• Exercise aim: Retype the entries exactly, but skip the pictures.

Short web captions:
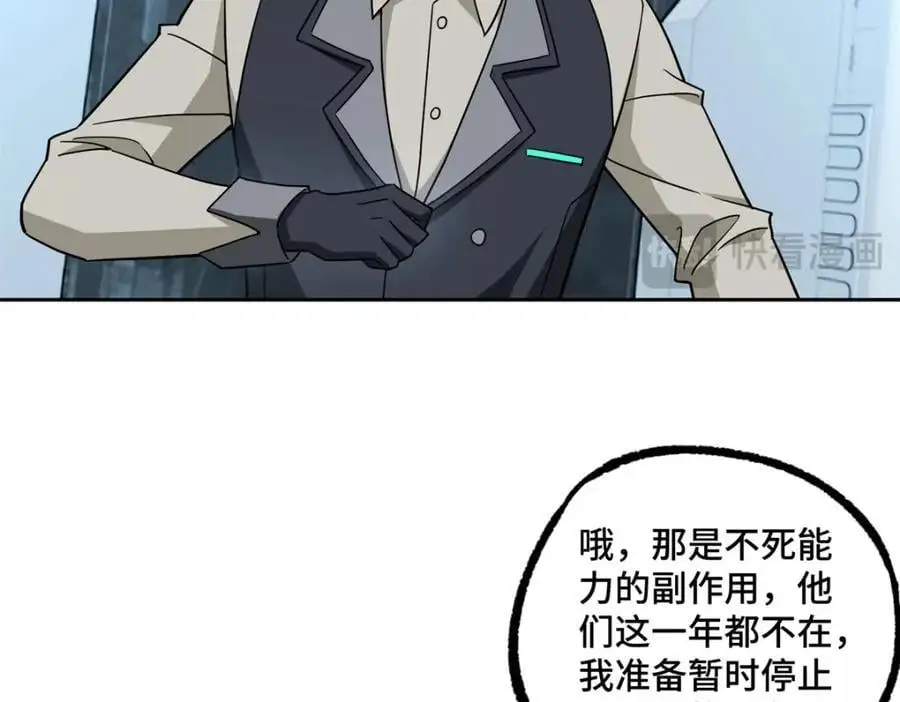256 老六“偷家” 第17页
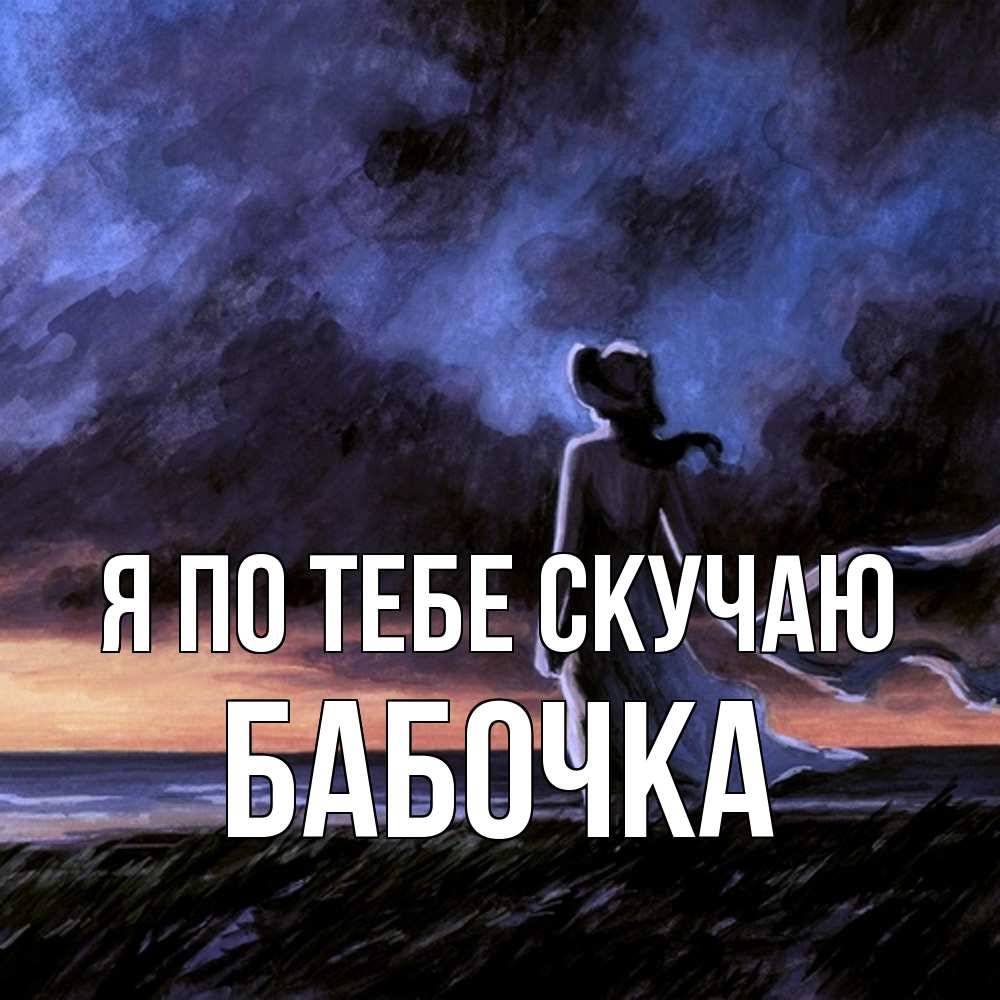 Открытка на каждый день с именем, Бабочка Я по тебе скучаю тут 2 Прикольная открытка с пожеланием онлайн скачать бесплатно 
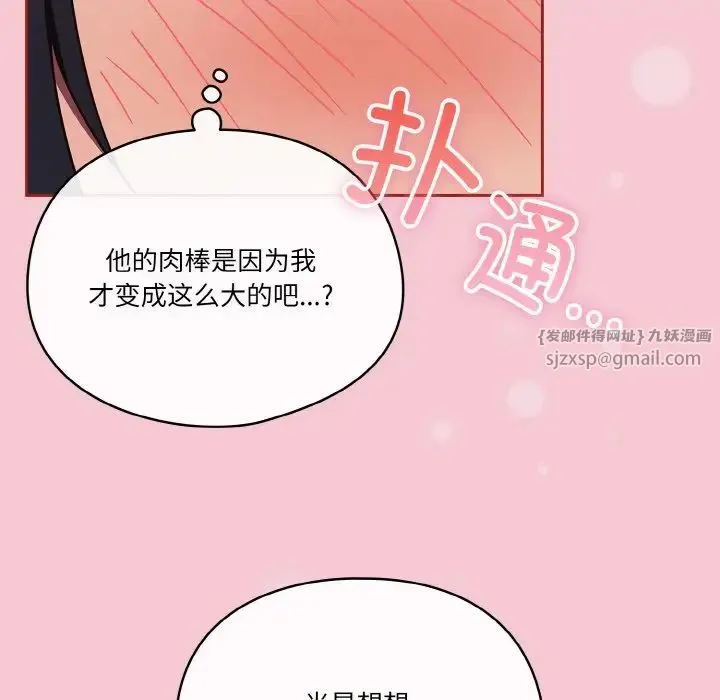 天降美差 - 第15話 - page 70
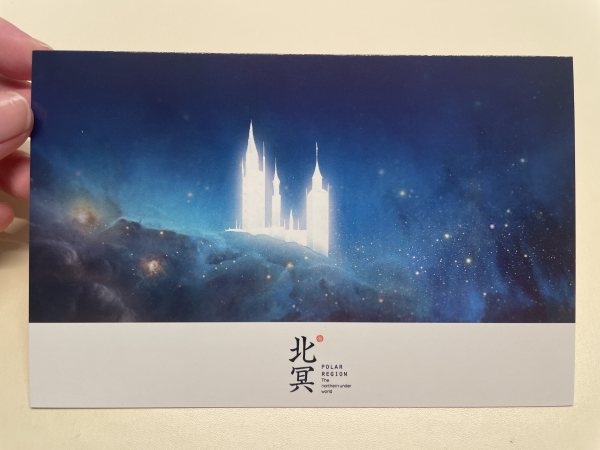 明信片照片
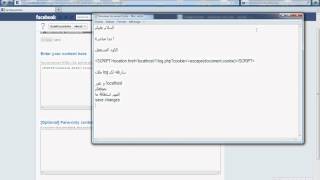 Xss Exploit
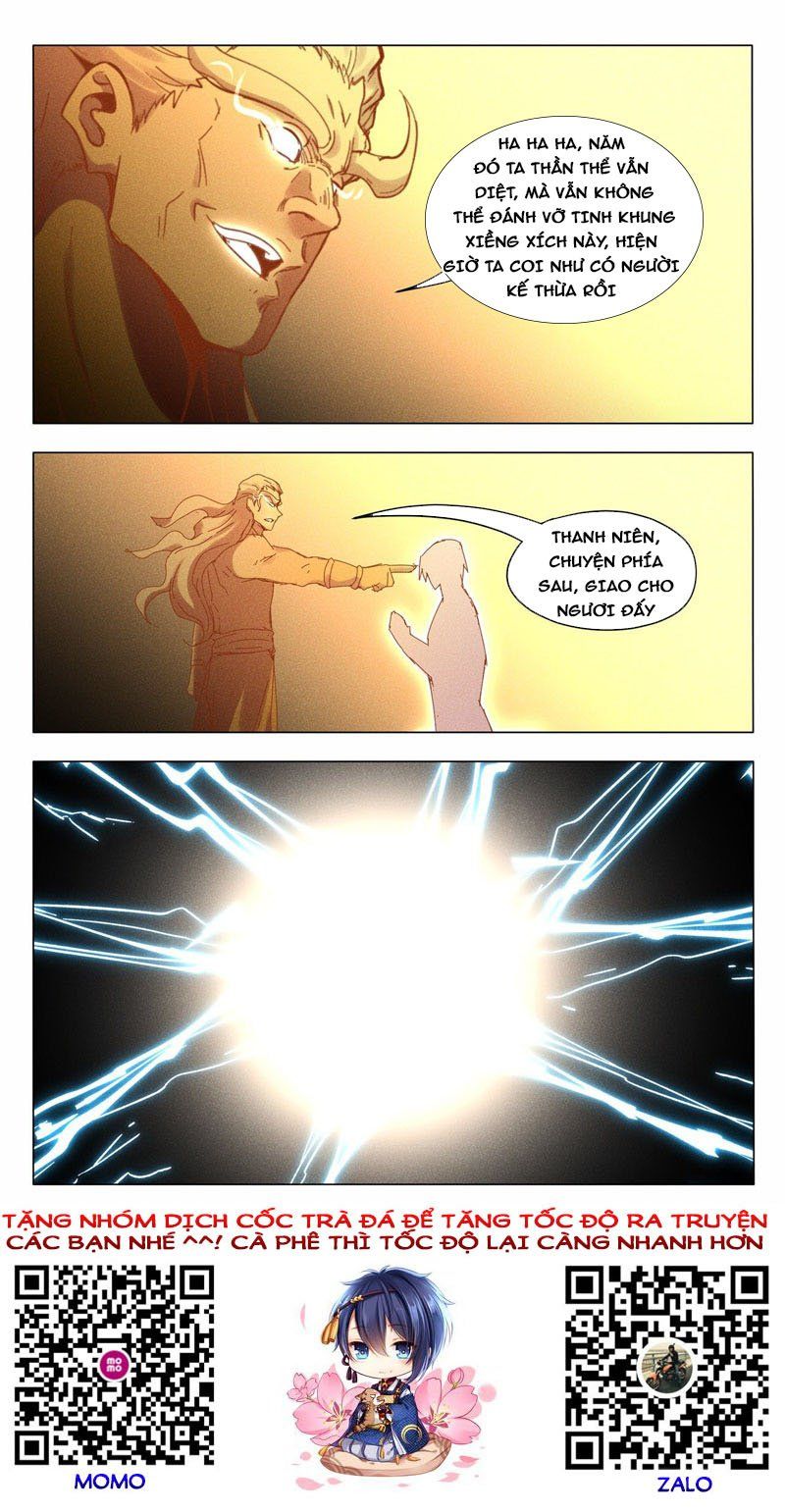 đọc truyện Vạn Giới Tiên Tung Chương 444 ảnh 12 tại Thiên Thai Truyện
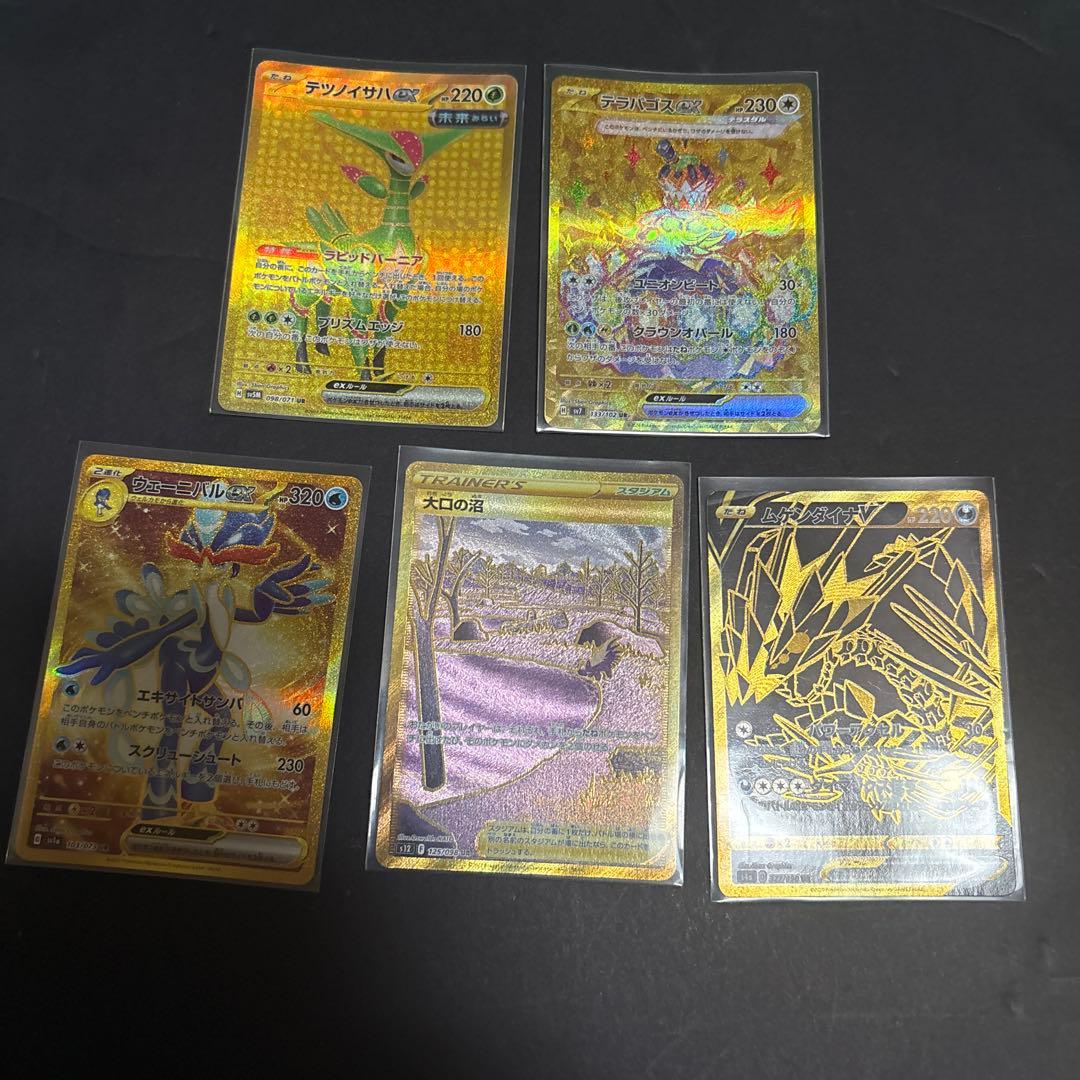 ポケモンカード　SR SAR HR UR SSR たくさんセット49枚！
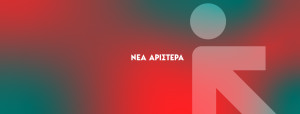 Νέα Αριστερά: Το ΕΣΥ καταρρέει, η κυβέρνηση ανακαλύπτει απογευματινά χειρουργεία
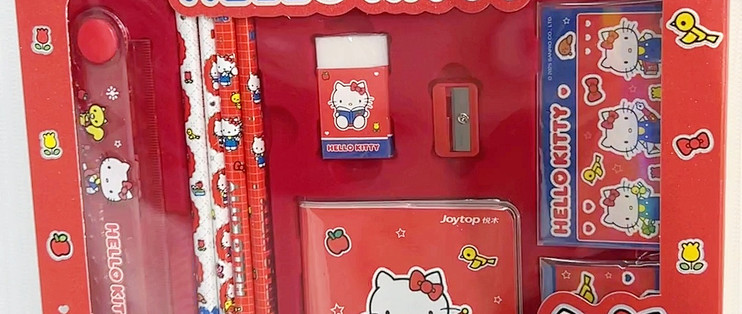 凯蒂猫学习用品套装铅笔尺子本开学必备款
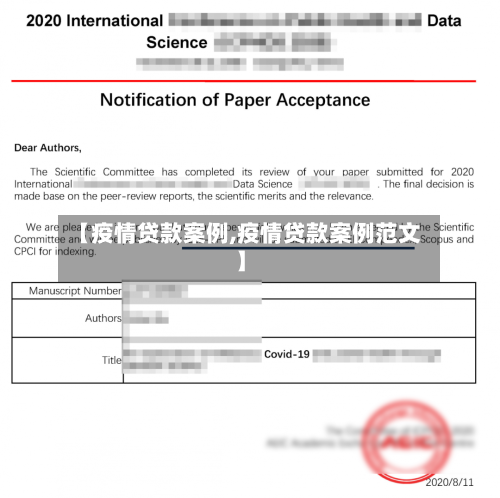 【疫情贷款案例,疫情贷款案例范文】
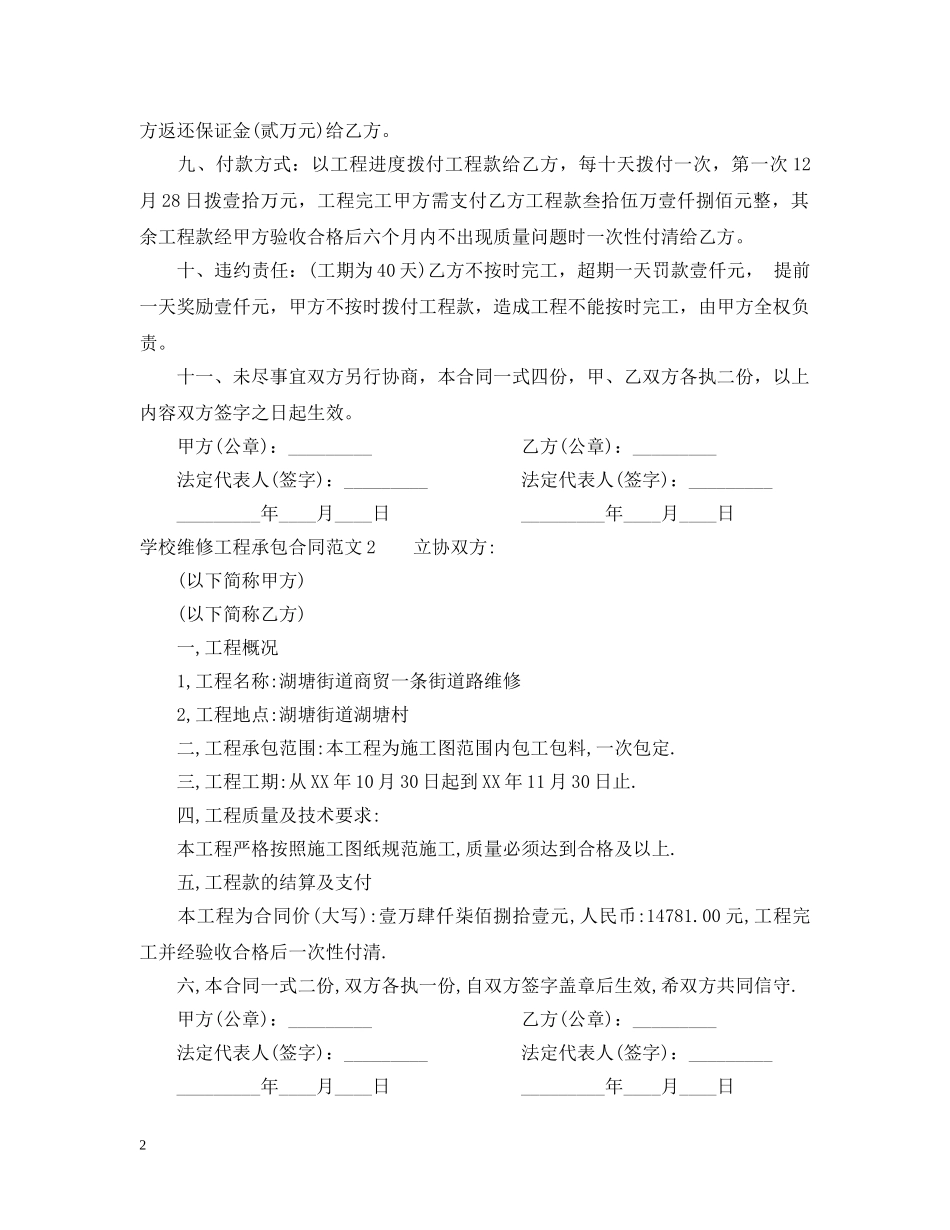 学校维修工程承包合同 _第2页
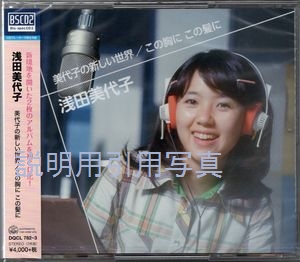 CD1美代子の新しい世界裏 (2).jpg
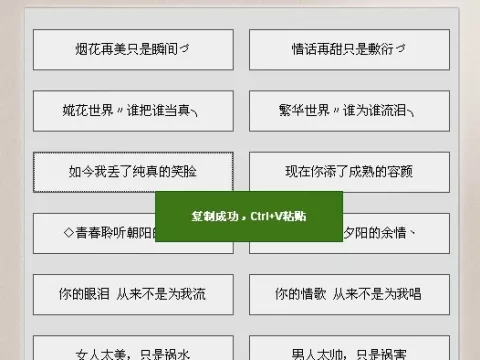 1、一对情侣名字结合:急求一对情侣名字。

• Expected output:
256 老六“偷家” 第17页
 Открытка на каждый день с именем, Бабочка Я по тебе скучаю тут 2 Прикольная открытка с пожеланием онлайн скачать бесплатно 
 天降美差 - 第15話 - page 70
 明信片照片
 Xss Exploit
 đọc truyện Vạn Giới Tiên Tung Chương 444 ảnh 12 tại Thiên Thai Truyện
 ポケモンカード　SR SAR HR UR SSR たくさんセット49枚！
 Νέα Αριστερά: Το ΕΣΥ καταρρέει, η κυβέρνηση ανακαλύπτει απογευματινά χειρουργεία
 凯蒂猫学习用品套装铅笔尺子本开学必备款
 【疫情贷款案例,疫情贷款案例范文】
 学校维修工程承包合同 _第2页
 CD1美代子の新しい世界裏 (2).jpg
 1、一对情侣名字结合:急求一对情侣名字。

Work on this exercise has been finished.